Pax pushed the hair out of his face and continued.
“It came in spurts. The way my shoulders dropped when I came home and hung up my jacket. How I have a certain spot on my couch where I like to have my tea in the morning. A section of my entry wall is bare because I’m waiting to find exactly the right picture to hang. ”
This should have felt uncomfortable, the intensity with which they gazed at each other, the way he spoke, as if securing a promise between the two of them. It wasn’t, though. It was like he was answering a question she’d forgotten she’d asked.
“Of course, it took time. I changed what I didn’t like and brought in things—things like flowers and art—I would have dismissed as too nice for me before.
It took intent. I had to force myself not to expect a bunch of soldiers to come tromping through at any minute.
Mostly, I had to believe I deserved a safe, warm space to myself. ”
Josie had thought it impossible that Pax, or anyone, could understand the allure of what he offered. Feeling welcomed, able to place her worries aside and take her contentment for granted, but he’d somehow seen into her heart and voiced what she needed more than anything.

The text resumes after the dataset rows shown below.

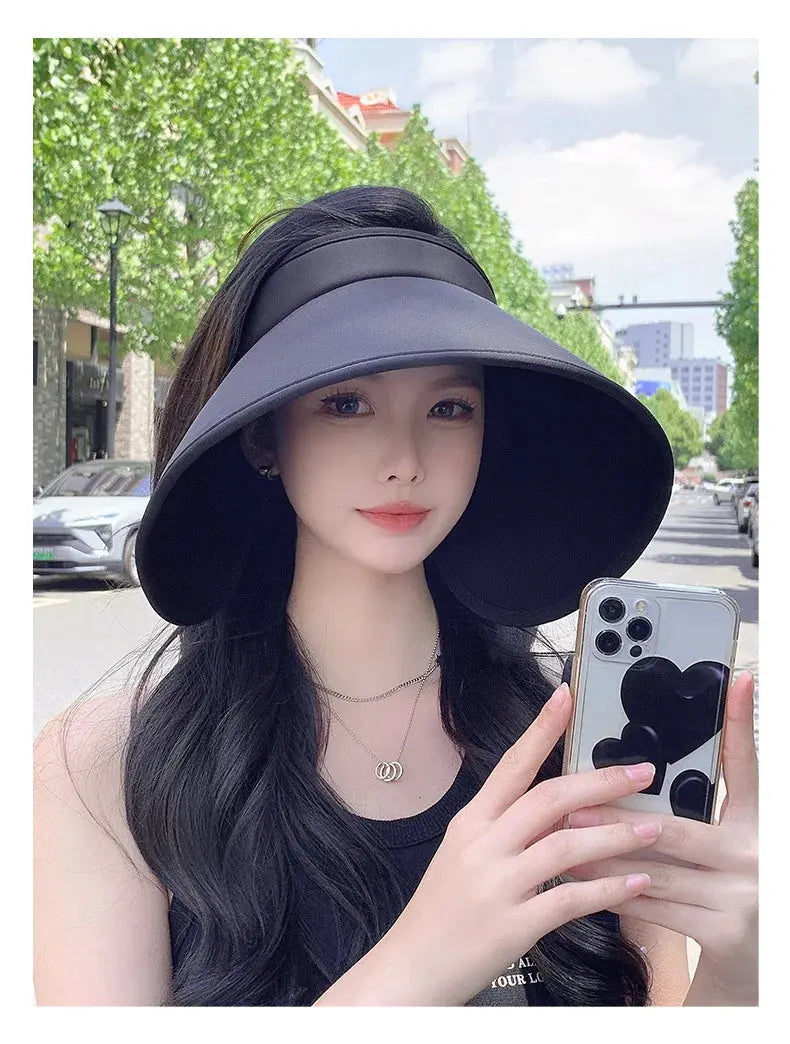 T-Shirts Sexikinis Swim Wide Brim Sun Visor Women's Summer Hat - UV Protection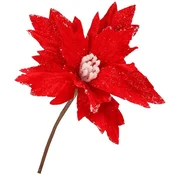springos 22 cm Belén Gwiazda, rdeča božična zvezda, božični okraski., (21638340)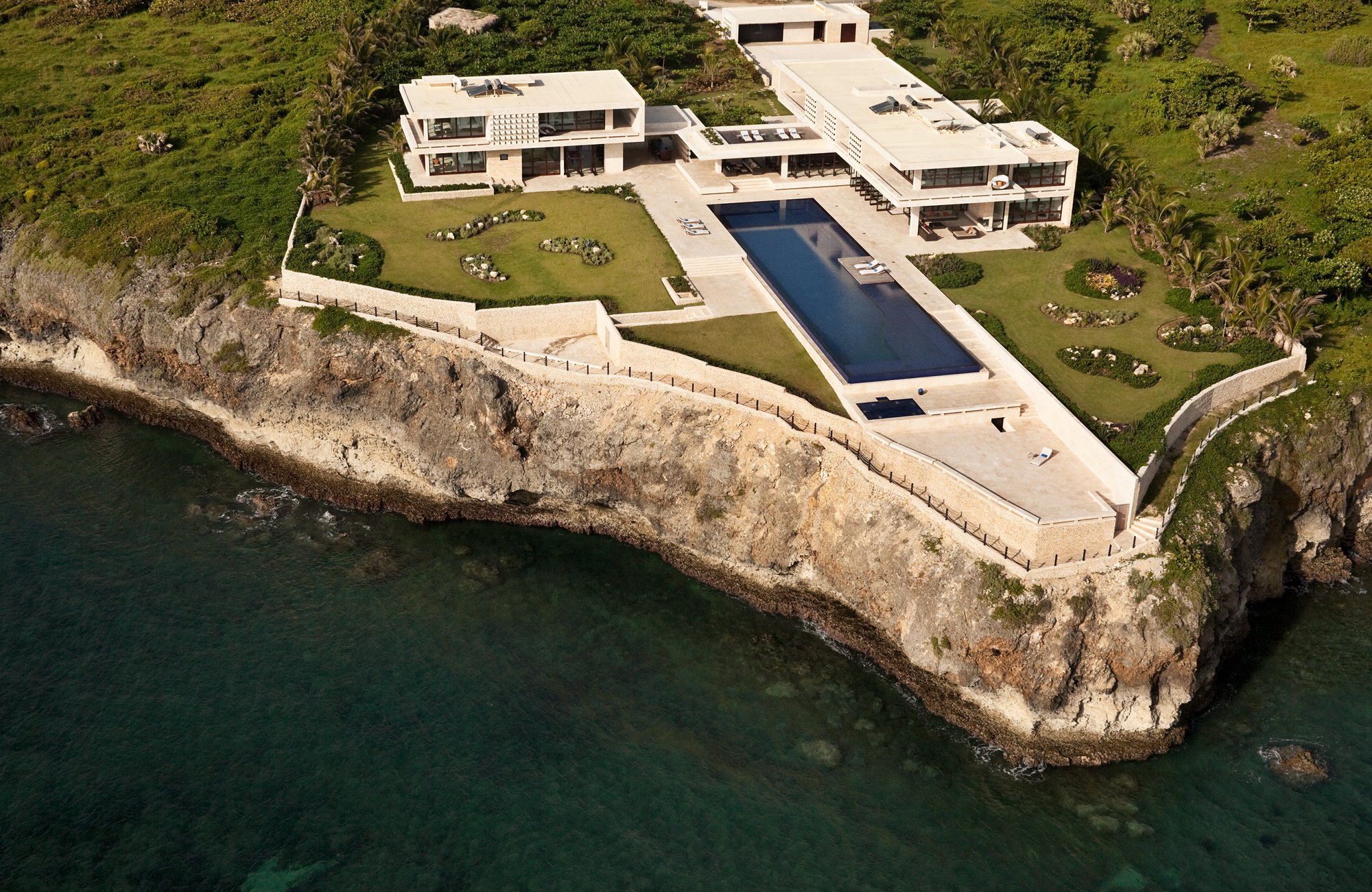 Aerial view of the property.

“Maybe you can begin with the courtyard. None of us know what we’re doing when it comes to creating a garden,” he said, gesturing with his chin at the knot of people milling around the dirt like colorful ants.
“You can make the outside a safe place for you and Amos, and I’ll wager the rest of the tenants will benefit, too. ”
A lock of her hair twisted in the wind like a tentacle, and Josie held her breath when Pax reached over and gently pushed it back over her ear.
He stood so close the lapels of his coat brushed against her.
“If there is something missing in your apartment I can get for you, please ask me.” His gaze locked on hers and the noise of the crowd around them lowered to a gentle murmur.
What was the apartment missing that would make Josie trust she and Amos were safe?
Something suggesting permanence and normality.
“If Mr. Amos enjoys music, you might consider a piano,” he said softly.
A piano.
Talk about permanence and normality.
Unnerving, this man’s ability to see her thoughts.
Too easy to get her hopes up. Too easy to watch them fall again.
“Thanks for the offer, Mr. Pax,” Josie said, using the title deliberately. Distance. She needed distance from this man, any man who might tempt her to lower her guard. Josie’s life wasn’t the only one that could go off the tracks in a fiery wreck.
She stepped away from his warmth, and the wind took the opportunity to rake its talons down the front of her body.
“I don’t need to change a thing, so don’t give us a second thought. Amos and I are fine,” she told him. Josie shivered when Pax mirrored her actions and took a step back as well, but she forced a smile anyway. “Everything is fine,” she said, “just the way it is.”